We're finally leaving when we hear a voice behind us, Shayden finishes putting our shopping bags into the trunk of his car.

"Shay!"

We turn around as Taylor jogs over to us, Shayden's eyebrows furrow.

"Hey, man. You good?

"You were asking about Cameron last week so I did some digging."

I tense up at the name, the resurfacing memories of that night hitting me like a hurricane. The anxiety, dread, fear.

As much as I didn't want it to be true, I knew what Taylor was going to say next. I fucking knew it.

"He's been in prison for the past three years apparently." Taylor looks solemn, like he can't believe the words he's saying.

"Oh?" Shayden cocks an eyebrow, seeming just as surprised as Taylor was.

"Yeah, Libbie was told he had sex with someone and they cried rape. Apparently anyways." The way Taylor says it tells me straight away that he doesn't believe a word of it. "I just remembered so I thought I should let you know. See you both later."

Taylor walks off, leaving both Shay and me alone.

He's looking at me. I can feel it with every sense in my body. No matter how much comfort his black eyes bring me, I can't find it within myself to look at him. I can't. I can't face it.

Cameron was our best friend. He was everything to us. Shayden and him were basically brothers, which made the ordeal so difficult to deal with. I couldn't keep quiet, that was never even considered. Because what if I wasn't the first? Or what if I didn't speak out and he did it again? I couldn't do that, I couldn't hold that much responsibility.

But I couldn't tell Shayden. Absolutely not. A part of me knew he would have defended me and stuck with me no matter what. He's a good man. But that minuscule part of my brain told me he'd believe Cam, he'd side with him. I couldn't lose him through that, so I decided I wouldn't.

"Cameron?" Shayden whispers, yet it sounds more like a hiss.

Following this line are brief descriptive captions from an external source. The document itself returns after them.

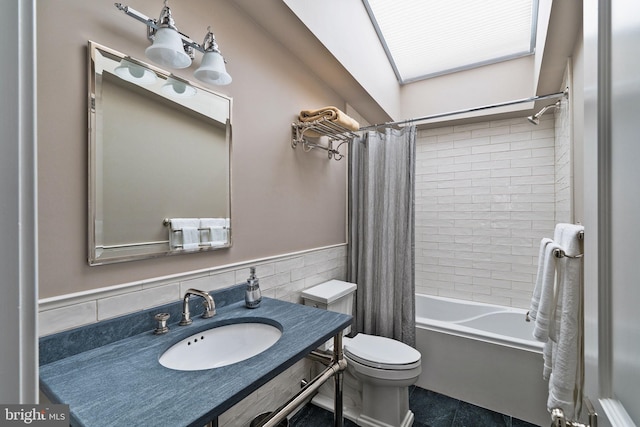 full bathroom with toilet, a wainscoted wall, a sink, tile walls, and shower / tub combo with curtain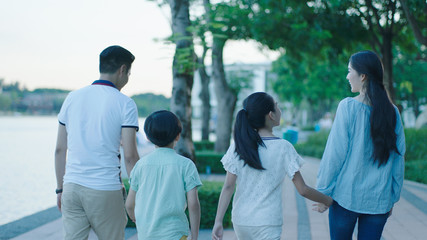 Obraz premium Rear view of Asian family smiling & walking on waterfront promenade at dusk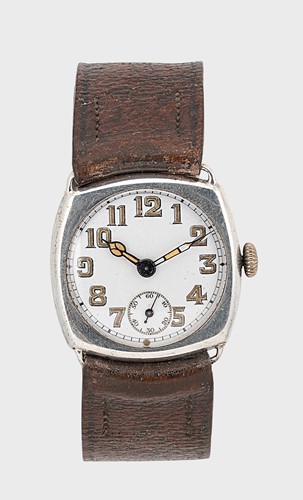 Lot 434 - Unsigned - A Swiss silver 'Trench' style wristwatch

He raises his voice, "Cameron?!"

Tears fill my eyes, a lump forming in my throat that renders me unable to speak. I try to blink them away but the pain won't leave.

"Cameron." Shayden snarls, beginning to pace. "That stupid motherfuc-FUCK!" He slams his fist into the car, the sound makes me flinch back.

He notices instantly, our gazes locking. The anguish and torment prominent in his feature hurts me somewhere I can't place. I never wanted him to find out at all, nevermind like this.

"I'm sorry." I blurt out, "Shay, I'm so sorry. I.-" I begin to stutter, cutting myself off and taking a deep breath in a bit to stop my body shaking.

"Don't." He silences me, putting two fingers on the bridge of his nose as he tries to steady his breathing. "None of this is your fault, Jai. Don't you dare apologize."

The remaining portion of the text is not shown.